To deal with my anxiety disorder my doctor told me to figure
out my own fears.
Well, from my early
childhood I always got that Fearless tag with me. "she is totally fearless
stubborn girl" that's how people think of me.
But It is not the truth. I am not going to say that I am
pretending to be fearless before everyone. I never create my fearless image
consciously. Because I have no other choice except to become a fearless one.
During my childhood, I had grown up with grandmother. My dad
had his job and mom was busy with my
elder brother. It was not like they were giving me less attention, actually, my
brother was a good student in his school
days. He was always ranked in the top five. Here in India people are kind of obsessed
with the school results. Children have been faced discriminatory treatment base
on their school results and Parents are literately gone crazy if their children fail to secure good marks. And back then my parents were literally part
of this sick society. so they were always strict with my brother, poor kid. In the midst of this crazy rigid
daily life, my mom was never been a concern with my results because I was a poor
student. I was a totally hopeless nutcase. No one even bothered about me..Yeah...
I
had my grandmother with me. She was like a warm lighthouse.... I am still missing her. she was not with me
anymore.
That's a little flashback of my not soo cool childhood. My grandma was old
and I never wanted her to feel burden because of me so I didn't share my fears anxiety with her, I kept my fears to
myself.
One nightmare changed my life. still it is fresh in my
memories. I was eight years old. I used
to watch Indian superhero show Shaktiman in my childhood and superhero was
fighting against all kind of Aliens
demons .. old school Indian Avengers storyline. I was a scary cat every time
demon appeared on the tv screen I closed my eyes with my hands. one night I was
sleeping alone in my room. I had a dream that demon was coming after me. I was
shouting for my parents my brother my grandma but no one was there to help me.

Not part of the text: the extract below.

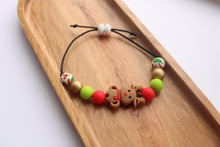 Load image into Gallery viewer, Reindeer Silicone Adjustable Bracelet

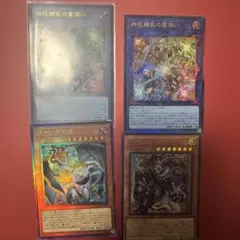 遊戯王　四花繚乱の霊使い　レリーフ　2枚、調和ノ天救竜、ホワイトフェイス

I was alone trapped in a cave. Suddenly My subconscious mind told me it was a dream and I waked up in cold sweat.
|
My Childhood Superhero
Shaktimaan |
From that day, even today I can remember my all dreams and
mostly I can decide on which point I should wake up from my dream. So basically I am a lucid dreamer.
Being growing up alone, I have no choice but to face my
fears alone. Yes, I am scared of so many
things. I am scared of ghosts, because of that ugly demon, reptiles, street
dogs.. I still can't watch horror movies.
My doctor suggests me to share my fears with others, now
tell me how could I share my fears with those people who already have an assumption about me that this girl is fearless. Still today I can't even share
my fears with mom. So it is kind of
awkward for me to go out tell everyone oh yeah I am scared of ghosts. boo...
To be frank I have on one in my life right now with whom I
can share my fears. I have on one who can listen to my stories patiently and pat
my head telling me it is ok to be scared. so basically I always pat myself and
compliment myself. that's how I deal with my fears.